2018 Little Village fire
- Date: August 26, 2018
- Time: 03:00 CDT
- Duration: 60-70 minutes
- Location: Little Village, Chicago, Illinois, U.S.;
- Type: Structure fire
- Outcome: Multiple violations found in the apartment complex; Apartment owner appears in court;
- Deaths: 10

= 2018 Little Village fire =

Fire in Chicago, Illinois

On August 26, 2018, a fire began early that morning in Chicago's Mexican-American Little Village neighborhood. The fire killed ten children, including six children under the age of 12.

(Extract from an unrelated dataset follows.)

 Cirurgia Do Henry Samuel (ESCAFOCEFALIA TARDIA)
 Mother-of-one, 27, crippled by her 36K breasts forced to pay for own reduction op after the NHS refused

The fire is the deadliest residential fire in Chicago since 1958. In the aftermath of the fire, multiple violations were found in the apartment where the fire occurred with apartment owner, Merced Gutierrez, appearing in court for the 40 violations found at the site of the fire.

==Background==
On February 22, 2017, a fire occurred in a vacant first-floor apartment at the end of the building, leaving no injuries. In March 2018, Illinois's Department of Children and Family Services investigated a hotline call that claimed that the apartment was hazardous and smelled of marijuana.

==Fire==
The fire started at around 3 a.m. CDT on August 26, 2018, at an apartment building at 2200 block of South Sacramento Avenue. 45 minutes later, a witness called 911 at 3:45 a.m. to report the fire, which was causing flames to erupt from the second-floor rear unit. Children from the ages of 3 months to 16 years were at a sleepover in the apartment at the time of the fire had occurred.

The investigation by the Chicago Fire Department indicated that the fire was the result of a destroyed item from the fire in the apartment later that morning. Arson and foul play were not considered factors. No adults were present in the apartment during the fire.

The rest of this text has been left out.